The new Wales Environment Minister, John Griffiths, was expected to announce Wales will enact Scottish-style ‘right to roam’ access legislation. This could be very good news for recreation in Wales, including walking, climbing and mountain biking. The announcement was expected to have been made on Monday, according to well-placed sources. However, Griffiths’ press officer has now been in touch to say "there won’t be an announcement on Monday."
He didn’t rule out an announcement sometime in the future.
2ND UPDATE: We’ve now been contacted by the Welsh Government, providing some additional info that potentially sounds positive. A spokesperson told BikeBiz: "The Minister for Culture and Sport will not be launching open access legislation next week. The Minister is reviewing the current framework for outdoor recreation and access and will make a statement on this later in the year."
Currently Wales has a limited right to roam, introduced in the Countryside and Rights of Way Act 2000 (CROW), a law that also applies in England. In Scotland the Land Reform (Scotland) Act 2003 codified into Scots law the ancient tradition of the right to universal access to the land in Scotland.

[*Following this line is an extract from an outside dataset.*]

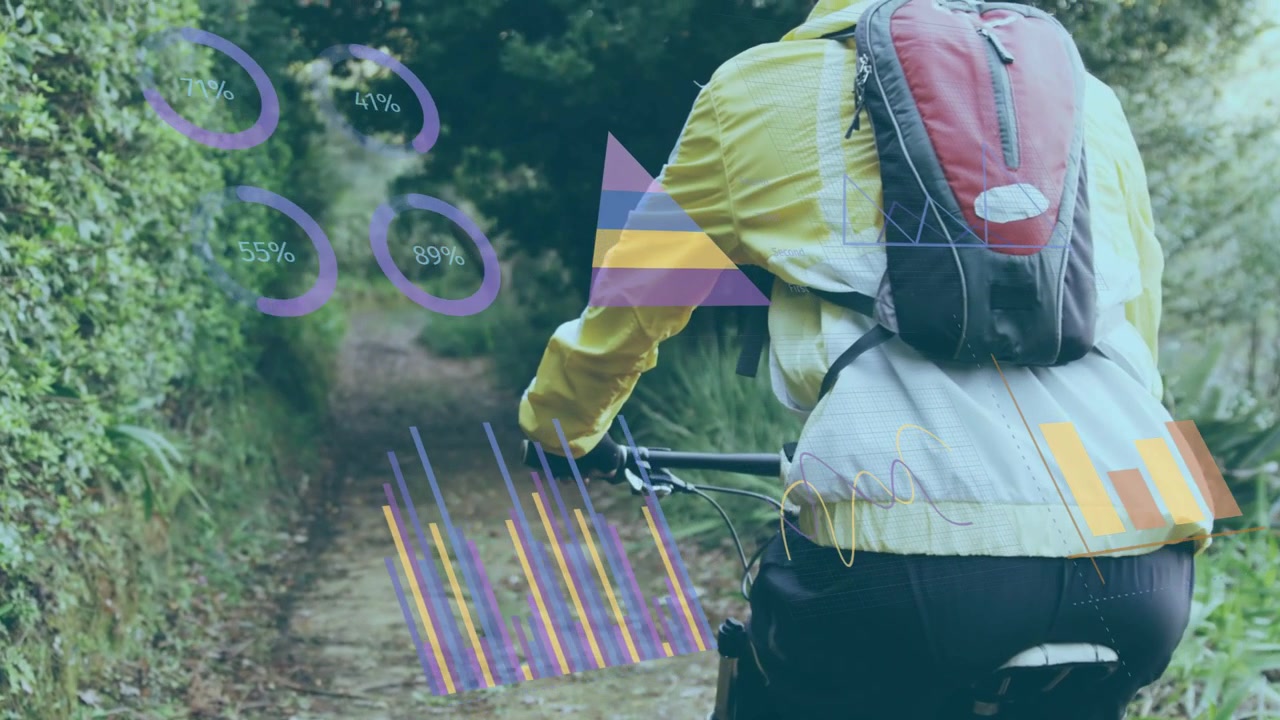 Male cyclist pedaling and steering down narrow trail, generating HUD charts showing fitness metrics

Any new move by the Welsh Assembly would put pressure on Westminster to extend CROW’s right to roam legislation for England.

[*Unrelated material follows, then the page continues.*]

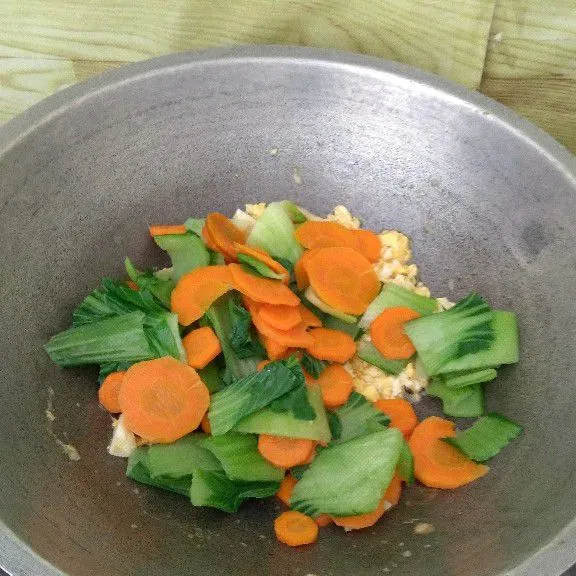 Masukkan air, wortel, batang pakcoy dan masak sampai setengah empuk.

In Scotland the rights to be on land for recreational, educational and certain other purposes exist only if they are exercised responsibly, as specified in the Scottish Outdoor Access Code.
Access rights apply to non-motorised activities such as walking, cycling, horse-riding and wild camping.
In Wales, the limited right to roam law is administered by a new body Natural Resources Wales. This took over from the Countryside Council for Wales, Environment Agency Wales, Forestry Commission Wales and also has some functions of the Welsh Government.
The new access legislation for Wales had been expected to be revealed at the Royal Show in Builth, Wales, on Monday.